## TASK
The answer must be an exact printing of every record below, with the pictures omitted.

## DATA SHOWN
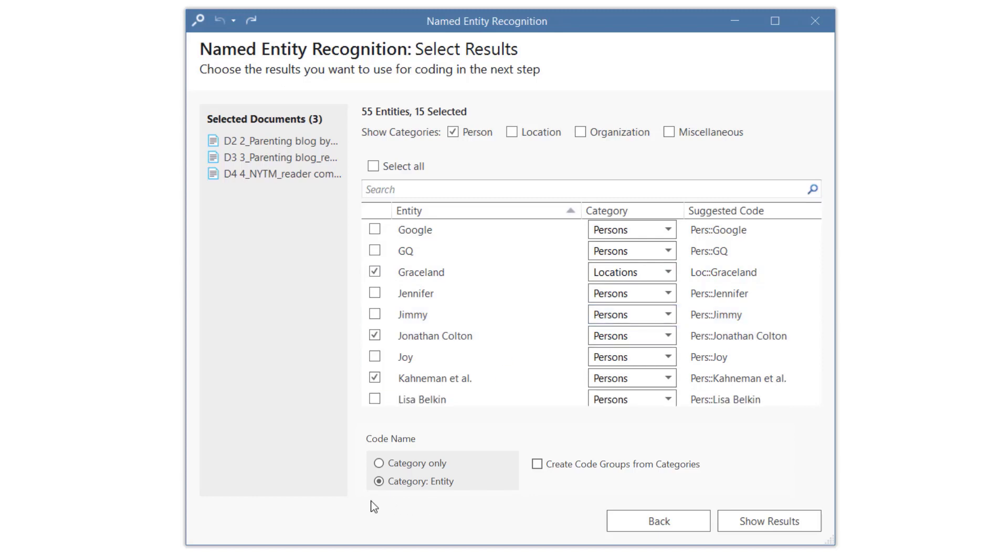As a codename, you can select the entity name, the category name, or both. You can also add all codes from a category to a code group.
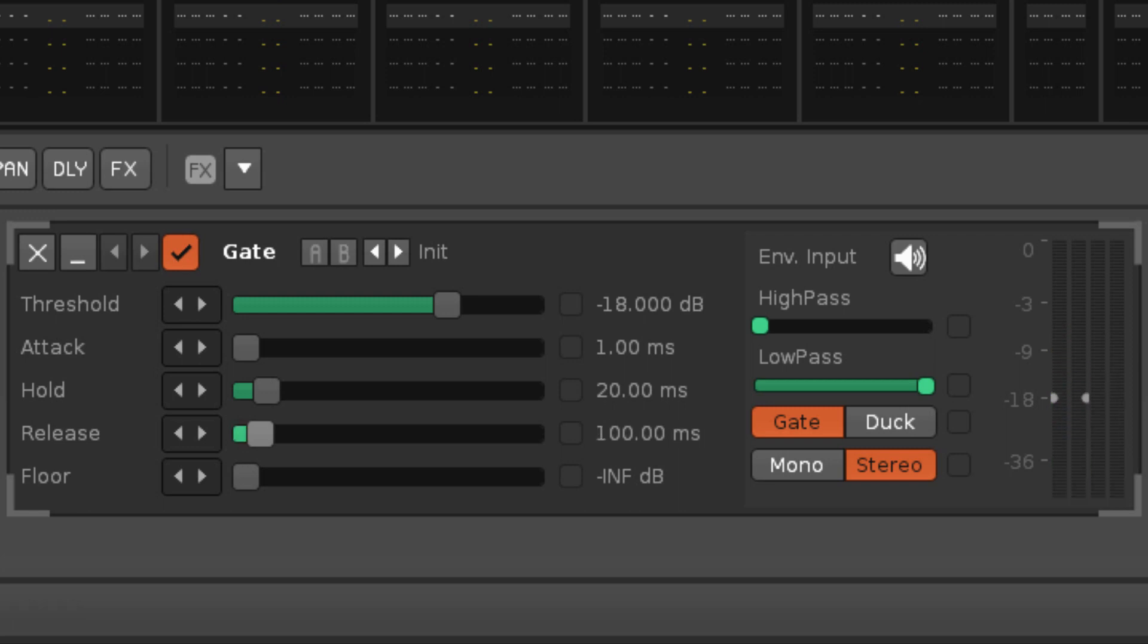The decibel value of the floor parameter is the amount of volume reduction applied to the gated audio. Setting this to the minimum value will silence it completely.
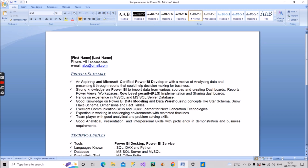Then mention that you have strong knowledge of Power BI to import data from various sources, creating dashboards and reports, Power Views, workspaces, implementing role-level security, and sharing dashboards to end users. After that, mention hands-on experience in MySQL and Microsoft SQL Server. Even as a fresher, if you've worked on any database in college — MySQL or SQL Server — mention that you have SQL knowledge.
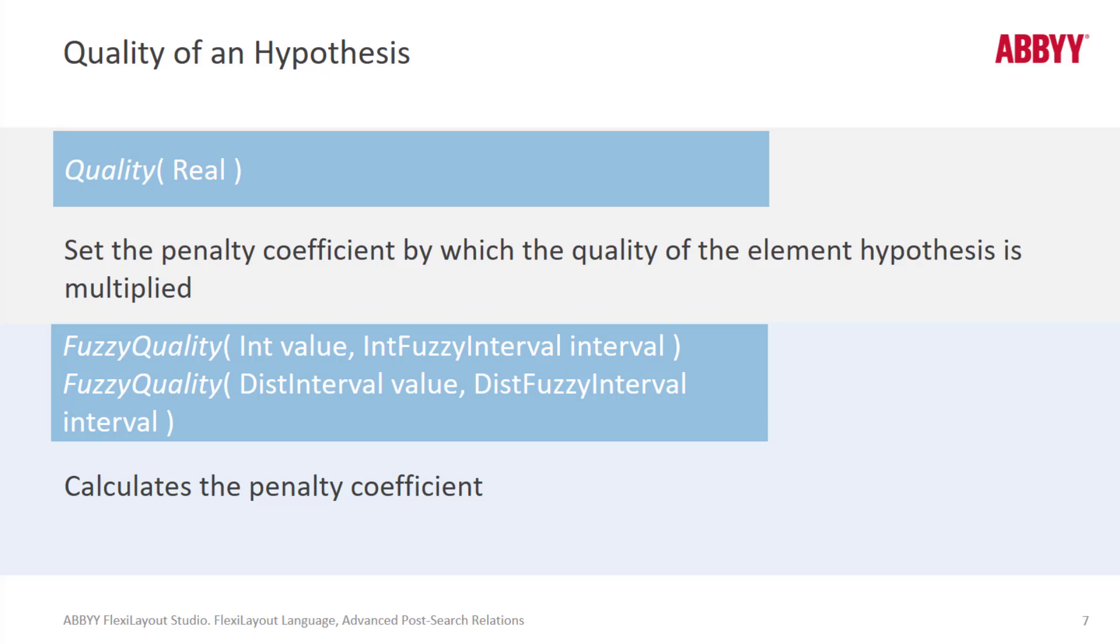That fuzzy interval is similar to what we focused on in the pre-search relations presentation where we looked at a character string's character count. Within that dialogue box we said a character should be between 10 and 20 characters but we can also accept characters as long as 30 characters long.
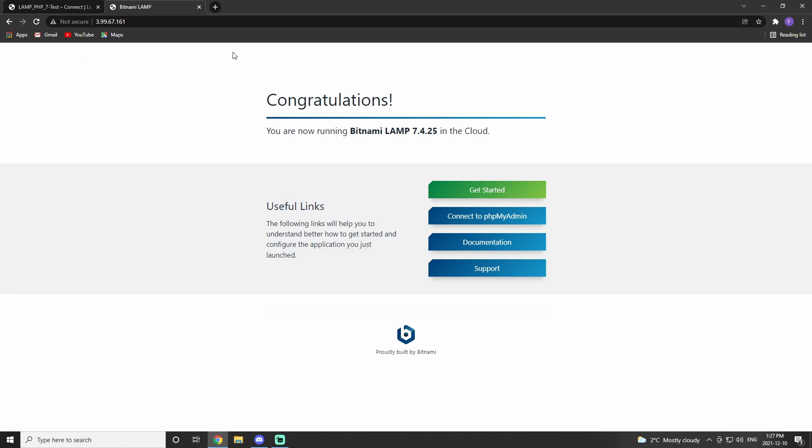You should get this congratulations page from Bitnami. It will also give you a couple of links that you can use to get started. We will be adding netbeams and phpMyAdmin in this tutorial series. So look out for those videos.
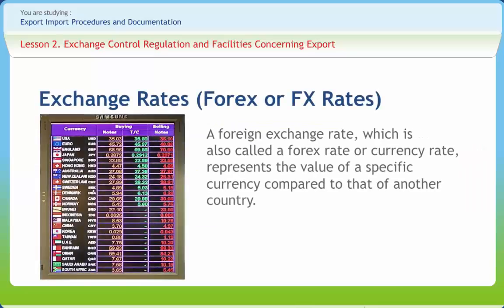A foreign exchange rate, also called a forex rate or currency rate, represents the value of a specific currency compared to that of another country. Currency rates are applicable only on currency pairs. The currency listed on the left is called the reference or base currency, while the one listed on the right is the quote or term currency. Exchange rates are always written in the form of quotations. A quotation reflects the number of quote currencies that can be bought using a single unit of reference currency. When an exchange rate is quoted for a currency pair, the currencies are usually quoted in order of their importance.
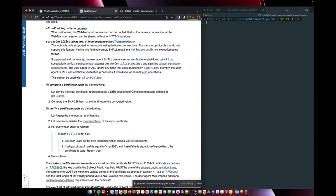And this also works in WebTransport, but there's another option. It's called the server certificate hashes. And basically what it does is you can tell the browser, accept a certificate that has a certain hash.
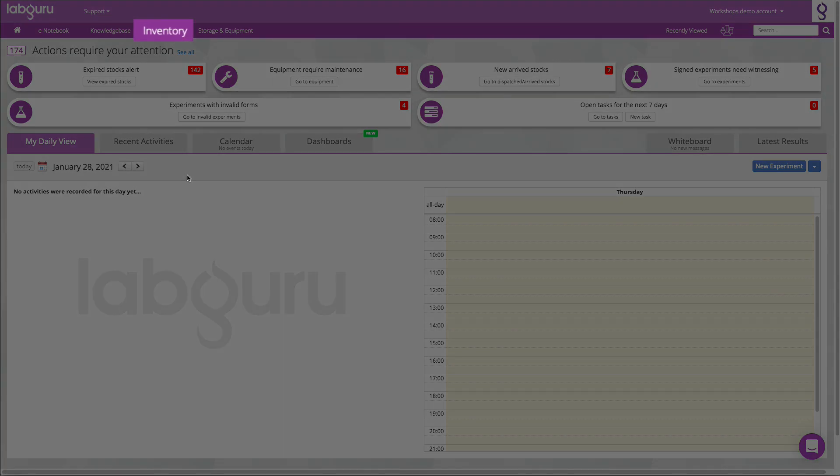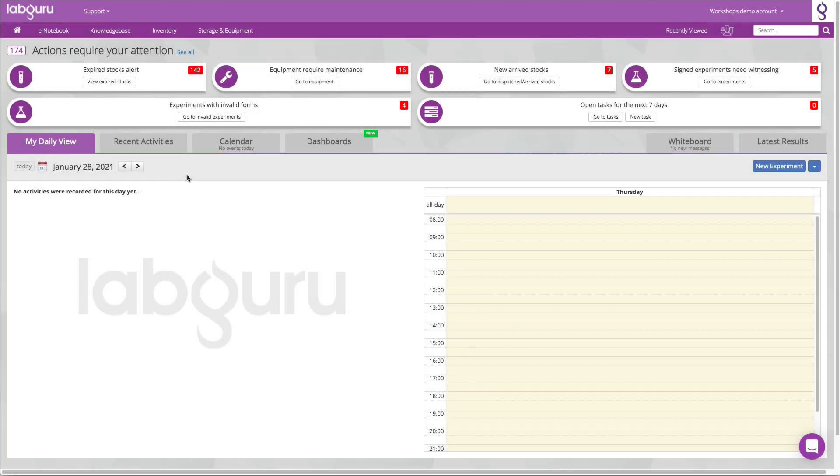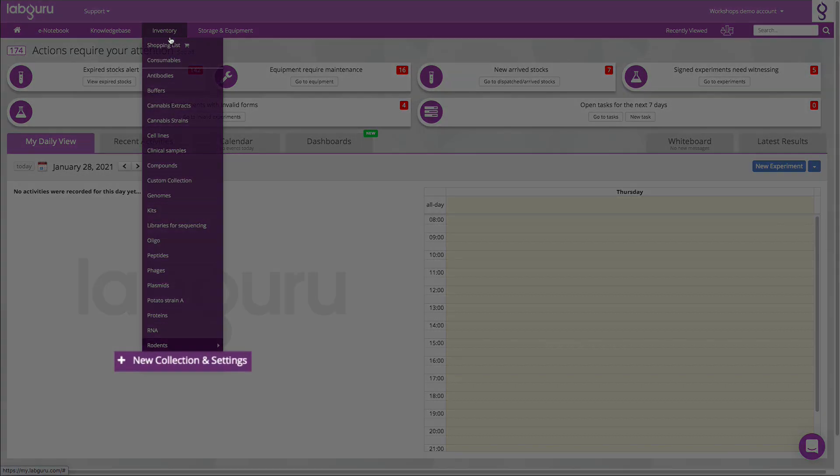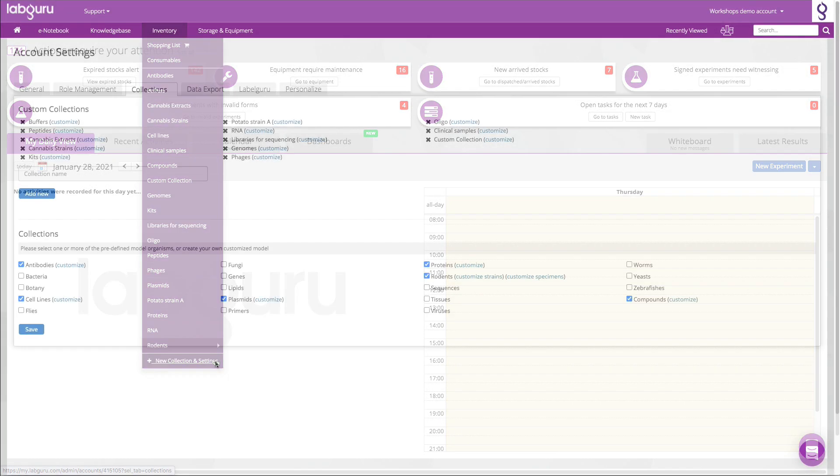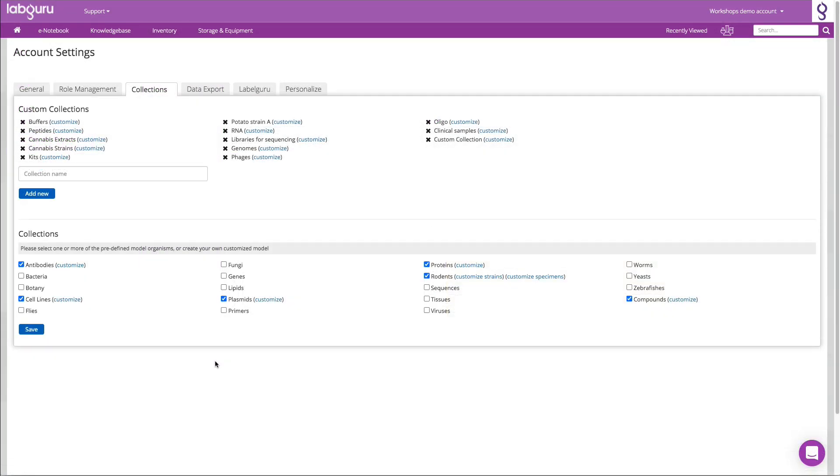The inventory module in LabGuru is the place to organize and manage your lab's collections. The first step is to define which collections you wish to manage in LabGuru.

## RESPONSE TO THIS TASK
As a codename, you can select the entity name, the category name, or both. You can also add all codes from a category to a code group.
The decibel value of the floor parameter is the amount of volume reduction applied to the gated audio. Setting this to the minimum value will silence it completely.
Then mention that you have strong knowledge of Power BI to import data from various sources, creating dashboards and reports, Power Views, workspaces, implementing role-level security, and sharing dashboards to end users. After that, mention hands-on experience in MySQL and Microsoft SQL Server. Even as a fresher, if you've worked on any database in college — MySQL or SQL Server — mention that you have SQL knowledge.
That fuzzy interval is similar to what we focused on in the pre-search relations presentation where we looked at a character string's character count. Within that dialogue box we said a character should be between 10 and 20 characters but we can also accept characters as long as 30 characters long.
You should get this congratulations page from Bitnami. It will also give you a couple of links that you can use to get started. We will be adding netbeams and phpMyAdmin in this tutorial series. So look out for those videos.
A foreign exchange rate, also called a forex rate or currency rate, represents the value of a specific currency compared to that of another country. Currency rates are applicable only on currency pairs. The currency listed on the left is called the reference or base currency, while the one listed on the right is the quote or term currency. Exchange rates are always written in the form of quotations. A quotation reflects the number of quote currencies that can be bought using a single unit of reference currency. When an exchange rate is quoted for a currency pair, the currencies are usually quoted in order of their importance.
And this also works in WebTransport, but there's another option. It's called the server certificate hashes. And basically what it does is you can tell the browser, accept a certificate that has a certain hash.
The inventory module in LabGuru is the place to organize and manage your lab's collections. The first step is to define which collections you wish to manage in LabGuru.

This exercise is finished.